若是知道得寵便是死神的降臨,那她寧願一輩子待在自己的寢殿中,孤獨終老。
她此時直後悔自己貪圖一時的權勢,卻沒想過,後宮之中,真正的主人是皇後娘娘。
殿下是皇後娘娘現在唯一的兒子,如何能讓他一直沉迷在自己的石榴裙之下。
隻是不待君祁正拒絕,曹莽再次悠悠然開口道“皇後娘娘讓殿下想清楚了,是想要這個紅顏禍水,還是想要太子之位?”
他故意將最後幾個字念的緩慢,注視著君祁正眼底漸漸起伏的殺意。
徐良娣幾乎沒有反應過來,隻覺得下巴一痛,仿佛要被捏碎了一般。
她微張著檀口,眼中驚懼交加地望著眼前這個,片刻前還和自己抵頸交纏的男人。
冰涼的液體順著舌尖朝喉嚨深處蔓延。
徐良娣下意識便要將酒水嘔出來。
可下一瞬,唇上猛地被一隻大掌死死捂住。
尚來不及吞咽的酒水咕嚕幾聲,朝腹腔中襲去。
淚水浸透了她纖長的眼睫,無助又脆弱的形容,就連君祁正都險些心軟鬆手。
可他不能鬆手,他沒得選擇。
體內波濤洶湧的痛意襲來,徐良娣驀地瞪大了眼睛,愈加劇烈的掙紮。
君祁正眸色發冷,手下也用了狠勁。
不一會兒,猩紅的血漬便從指縫間一點一點溢了出來。
徐良娣死死盯著男人平靜無波的雙眼,抽搐著沒了聲息。
直到死的那一刻,她才深深體會到自古君王多薄情,最是無情帝王家。
曹莽垂眸,隱下嘴角似有若無的笑意,淡淡道“不偏愛,懂節製,方得長久,殿下此舉不可謂不明智。
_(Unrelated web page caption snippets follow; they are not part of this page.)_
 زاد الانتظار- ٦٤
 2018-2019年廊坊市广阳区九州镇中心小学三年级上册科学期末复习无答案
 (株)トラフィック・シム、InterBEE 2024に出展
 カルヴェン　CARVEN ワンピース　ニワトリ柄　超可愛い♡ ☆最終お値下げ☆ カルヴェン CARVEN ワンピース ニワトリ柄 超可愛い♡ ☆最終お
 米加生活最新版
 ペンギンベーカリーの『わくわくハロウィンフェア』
”
君祁正感受著掌心越來越冰涼的溫度,利落地將手放開。
那張可口的櫻桃小嘴,此時宛如血盆大口般還在朝下滴著毒血。
不得不感歎,母後的手段比他陰毒殘忍百倍。
曹莽處理好了事,自然就不打算再留下。
君祁正望著手中濕潤的血漬,猛地握拳砰的一聲砸在身側的小幾上。
繼而便是花瓶玉器儘數碎裂的聲音。
過了許久,直到寢殿內再次恢複平靜,一道沉穩的腳步聲,攆著地上的碎屑,一步一步朝君祁正走去。
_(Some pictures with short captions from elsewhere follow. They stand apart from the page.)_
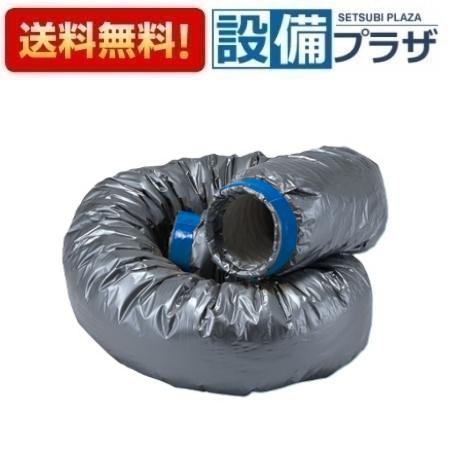 [FY-KXNU602]パナソニック オプション部材 次亜塩素酸対応不燃チューブ150 2m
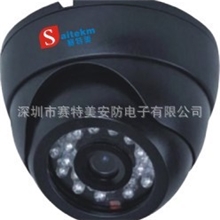 专业供应海螺半球摄像头（重点推荐，欢迎来电咨询）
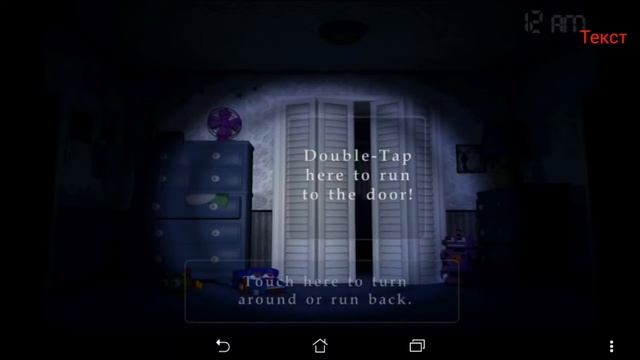 #2 охотник охраник непроходимая 2 ночь фредди!!!! смотреть онлайн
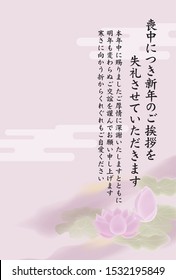 It is an elegant postcard in Japan's mourning / It says that you will decline the New Year's greeting due to mourning.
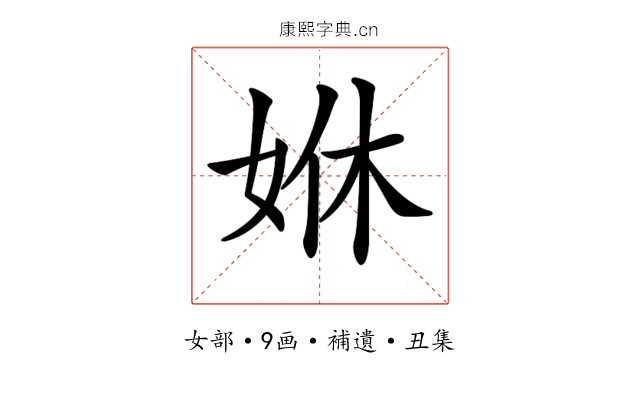 𡜨
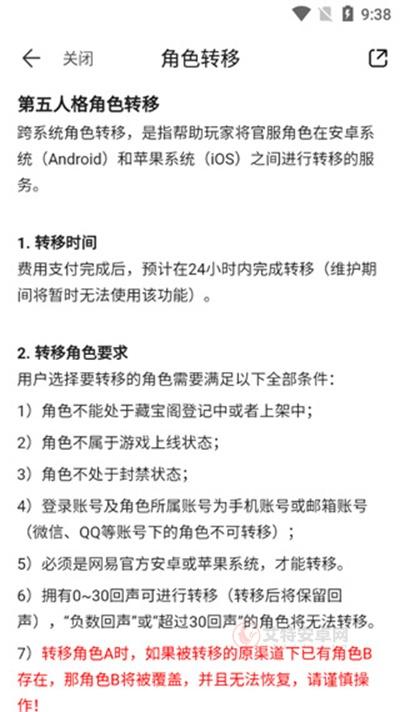 藏宝阁_https://www.itzol.com_游戏辅助_第9张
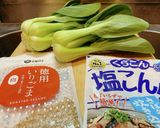 【常備菜】塩昆布漬けチンゲン菜作り方1写真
君祁正頹然地倚著床榻坐在腳蹬上,覺察到動靜,猛地抬眸望去。
就見幾步開外的地方站著一身黑色賜服的的人。
胸前金線勾勒的四爪蟒獸栩栩如生,通身帶著神秘冷酷的氣息。
看清來人的麵貌,君祁正輕笑道“什麼風竟然把山乞督主給吹來了?”
山乞沒有立即回話,清冷的眸光在君祁正身上掃過後,落在跟前擋路的花瓶上。
俯身不緊不慢捏著瓶口抬起,方道“被人握住命脈的感覺可不好受,殿下當真要繼續當這籠中困獸?”
君祁正眼眸中的笑意微頓,明滅不定地望著眼前這個深不可測的東廠掌印。
誰也想不到,一個小小的錦衣衛,能憑借著救駕之功,破格入選為東廠千戶。
隻是東廠首領向來由宦官擔任,這是兩百多年來朝代更迭依然不可撼動的規矩。
他的救駕之功,在旁人看來多數沾了運氣。
可他為了能夠勝任東廠千戶之職,竟然揮刀自宮,成了一個名副其實的太監。